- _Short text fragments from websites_

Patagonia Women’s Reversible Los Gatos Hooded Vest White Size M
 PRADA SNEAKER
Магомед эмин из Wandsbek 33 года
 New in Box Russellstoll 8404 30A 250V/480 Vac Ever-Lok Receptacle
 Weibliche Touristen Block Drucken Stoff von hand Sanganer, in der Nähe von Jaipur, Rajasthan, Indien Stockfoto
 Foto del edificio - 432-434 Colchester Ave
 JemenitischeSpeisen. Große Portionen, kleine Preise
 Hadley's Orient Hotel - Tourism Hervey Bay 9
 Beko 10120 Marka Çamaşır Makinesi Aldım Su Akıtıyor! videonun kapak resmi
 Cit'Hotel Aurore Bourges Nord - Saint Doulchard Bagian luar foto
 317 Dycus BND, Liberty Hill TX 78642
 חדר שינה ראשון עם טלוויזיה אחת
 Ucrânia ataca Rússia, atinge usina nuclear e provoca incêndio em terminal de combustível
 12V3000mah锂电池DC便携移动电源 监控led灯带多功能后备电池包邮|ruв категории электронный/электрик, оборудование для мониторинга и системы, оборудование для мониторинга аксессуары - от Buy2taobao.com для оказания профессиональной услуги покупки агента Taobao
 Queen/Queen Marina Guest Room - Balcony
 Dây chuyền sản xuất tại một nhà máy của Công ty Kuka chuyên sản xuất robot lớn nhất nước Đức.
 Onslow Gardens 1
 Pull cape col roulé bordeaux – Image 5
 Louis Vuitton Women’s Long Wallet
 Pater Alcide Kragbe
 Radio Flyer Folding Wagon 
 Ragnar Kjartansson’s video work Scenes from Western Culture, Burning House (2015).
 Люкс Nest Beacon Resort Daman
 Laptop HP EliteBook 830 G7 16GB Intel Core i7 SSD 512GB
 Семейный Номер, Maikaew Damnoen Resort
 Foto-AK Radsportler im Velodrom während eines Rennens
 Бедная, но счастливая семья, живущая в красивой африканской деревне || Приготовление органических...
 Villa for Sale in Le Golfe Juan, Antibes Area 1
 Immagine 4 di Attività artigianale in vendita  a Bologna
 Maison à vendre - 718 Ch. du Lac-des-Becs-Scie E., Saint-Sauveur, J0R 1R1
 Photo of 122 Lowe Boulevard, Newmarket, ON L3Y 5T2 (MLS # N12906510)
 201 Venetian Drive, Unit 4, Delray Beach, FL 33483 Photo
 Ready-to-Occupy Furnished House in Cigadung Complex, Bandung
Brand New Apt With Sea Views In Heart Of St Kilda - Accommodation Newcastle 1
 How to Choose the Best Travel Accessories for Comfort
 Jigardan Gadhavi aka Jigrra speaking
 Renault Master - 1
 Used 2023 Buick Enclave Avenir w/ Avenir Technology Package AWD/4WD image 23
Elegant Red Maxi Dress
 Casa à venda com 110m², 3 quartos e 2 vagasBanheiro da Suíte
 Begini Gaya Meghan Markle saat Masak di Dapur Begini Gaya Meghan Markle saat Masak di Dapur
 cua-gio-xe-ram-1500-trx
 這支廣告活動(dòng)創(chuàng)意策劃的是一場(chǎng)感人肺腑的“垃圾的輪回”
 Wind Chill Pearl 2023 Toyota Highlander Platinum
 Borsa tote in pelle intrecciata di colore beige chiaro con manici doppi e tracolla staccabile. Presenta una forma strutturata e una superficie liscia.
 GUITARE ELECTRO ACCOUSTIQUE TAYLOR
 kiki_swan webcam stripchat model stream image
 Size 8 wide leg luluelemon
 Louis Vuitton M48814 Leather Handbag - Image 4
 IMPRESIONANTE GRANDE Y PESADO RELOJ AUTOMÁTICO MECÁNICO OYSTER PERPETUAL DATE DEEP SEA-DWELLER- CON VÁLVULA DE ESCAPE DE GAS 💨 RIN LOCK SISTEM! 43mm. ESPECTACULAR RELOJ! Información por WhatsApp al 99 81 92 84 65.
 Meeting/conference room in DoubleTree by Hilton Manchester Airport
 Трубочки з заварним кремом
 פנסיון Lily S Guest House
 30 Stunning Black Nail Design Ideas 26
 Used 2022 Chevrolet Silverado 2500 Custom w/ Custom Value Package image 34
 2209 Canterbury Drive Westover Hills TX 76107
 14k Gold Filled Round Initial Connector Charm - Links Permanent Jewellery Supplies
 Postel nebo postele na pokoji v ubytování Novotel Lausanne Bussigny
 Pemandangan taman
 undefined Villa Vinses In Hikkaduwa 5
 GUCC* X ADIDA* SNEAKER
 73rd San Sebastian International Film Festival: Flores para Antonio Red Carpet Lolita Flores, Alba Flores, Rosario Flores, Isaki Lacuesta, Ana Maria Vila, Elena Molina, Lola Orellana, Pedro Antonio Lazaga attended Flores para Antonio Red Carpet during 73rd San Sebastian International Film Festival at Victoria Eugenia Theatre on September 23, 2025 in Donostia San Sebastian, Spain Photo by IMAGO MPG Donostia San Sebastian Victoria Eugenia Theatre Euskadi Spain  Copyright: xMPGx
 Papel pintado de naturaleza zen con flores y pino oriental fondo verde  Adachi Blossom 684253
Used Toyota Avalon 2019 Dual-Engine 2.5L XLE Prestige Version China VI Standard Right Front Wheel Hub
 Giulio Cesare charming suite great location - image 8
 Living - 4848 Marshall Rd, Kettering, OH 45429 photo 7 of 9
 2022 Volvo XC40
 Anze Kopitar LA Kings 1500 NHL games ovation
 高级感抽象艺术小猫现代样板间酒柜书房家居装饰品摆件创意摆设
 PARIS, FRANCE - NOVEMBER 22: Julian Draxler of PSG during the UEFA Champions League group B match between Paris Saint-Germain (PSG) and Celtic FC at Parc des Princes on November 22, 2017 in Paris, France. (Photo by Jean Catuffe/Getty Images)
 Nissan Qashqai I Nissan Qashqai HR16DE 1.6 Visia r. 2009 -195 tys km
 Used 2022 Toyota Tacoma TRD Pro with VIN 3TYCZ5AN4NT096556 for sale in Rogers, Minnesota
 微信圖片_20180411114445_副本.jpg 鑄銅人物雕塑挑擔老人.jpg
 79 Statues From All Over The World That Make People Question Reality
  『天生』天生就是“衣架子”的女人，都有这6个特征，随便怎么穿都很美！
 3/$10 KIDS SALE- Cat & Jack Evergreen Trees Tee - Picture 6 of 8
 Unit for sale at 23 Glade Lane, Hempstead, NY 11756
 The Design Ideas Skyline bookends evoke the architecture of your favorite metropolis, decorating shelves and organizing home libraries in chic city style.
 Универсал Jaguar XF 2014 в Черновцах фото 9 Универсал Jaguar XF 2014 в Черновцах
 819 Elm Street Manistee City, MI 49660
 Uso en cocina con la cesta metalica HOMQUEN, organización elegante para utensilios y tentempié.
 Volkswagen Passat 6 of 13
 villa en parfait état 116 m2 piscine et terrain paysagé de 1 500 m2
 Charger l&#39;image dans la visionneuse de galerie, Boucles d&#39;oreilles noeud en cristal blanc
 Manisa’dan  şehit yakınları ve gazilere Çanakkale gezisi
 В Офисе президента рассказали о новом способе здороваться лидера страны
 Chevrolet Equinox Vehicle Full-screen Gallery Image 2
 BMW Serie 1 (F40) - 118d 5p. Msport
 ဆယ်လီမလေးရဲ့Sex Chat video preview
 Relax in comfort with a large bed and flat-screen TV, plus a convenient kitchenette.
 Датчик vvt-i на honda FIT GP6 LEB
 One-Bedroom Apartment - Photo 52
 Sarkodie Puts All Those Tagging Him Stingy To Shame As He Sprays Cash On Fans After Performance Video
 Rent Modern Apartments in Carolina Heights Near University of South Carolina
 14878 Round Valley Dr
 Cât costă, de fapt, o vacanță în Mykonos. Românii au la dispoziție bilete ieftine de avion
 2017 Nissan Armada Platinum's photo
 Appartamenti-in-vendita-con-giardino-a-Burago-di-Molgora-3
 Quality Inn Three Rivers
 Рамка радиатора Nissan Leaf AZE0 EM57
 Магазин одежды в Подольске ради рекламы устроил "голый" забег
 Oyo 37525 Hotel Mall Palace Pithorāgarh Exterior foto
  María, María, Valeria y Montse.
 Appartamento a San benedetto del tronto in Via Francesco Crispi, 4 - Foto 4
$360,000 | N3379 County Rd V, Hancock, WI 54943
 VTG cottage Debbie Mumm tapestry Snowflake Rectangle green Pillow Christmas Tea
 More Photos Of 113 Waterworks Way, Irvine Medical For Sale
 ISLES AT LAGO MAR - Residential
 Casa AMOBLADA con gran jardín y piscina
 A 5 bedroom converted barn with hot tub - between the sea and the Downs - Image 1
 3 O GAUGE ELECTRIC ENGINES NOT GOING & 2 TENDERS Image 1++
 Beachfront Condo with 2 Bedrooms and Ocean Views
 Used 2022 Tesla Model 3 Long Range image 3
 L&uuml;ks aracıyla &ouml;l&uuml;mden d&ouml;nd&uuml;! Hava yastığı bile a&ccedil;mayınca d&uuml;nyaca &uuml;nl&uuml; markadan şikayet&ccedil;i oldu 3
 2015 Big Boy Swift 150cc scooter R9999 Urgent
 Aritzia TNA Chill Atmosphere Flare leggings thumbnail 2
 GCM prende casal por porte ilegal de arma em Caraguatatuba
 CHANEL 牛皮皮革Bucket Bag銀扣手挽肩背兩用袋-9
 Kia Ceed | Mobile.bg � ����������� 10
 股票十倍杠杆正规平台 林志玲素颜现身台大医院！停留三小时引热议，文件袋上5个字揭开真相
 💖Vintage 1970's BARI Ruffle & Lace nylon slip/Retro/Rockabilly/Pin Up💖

- _ACTIVITY_
Begin at the line that has "Louis Vuitton Women’s Long Wallet" in the entries above; stop after the line that has "Foto-AK Radsportler im". Transcribe exactly those lines and no others.

- _TASK RESPONSE_
 Louis Vuitton Women’s Long Wallet
 Pater Alcide Kragbe
 Radio Flyer Folding Wagon 
 Ragnar Kjartansson’s video work Scenes from Western Culture, Burning House (2015).
 Люкс Nest Beacon Resort Daman
 Laptop HP EliteBook 830 G7 16GB Intel Core i7 SSD 512GB
 Семейный Номер, Maikaew Damnoen Resort
 Foto-AK Radsportler im Velodrom während eines Rennens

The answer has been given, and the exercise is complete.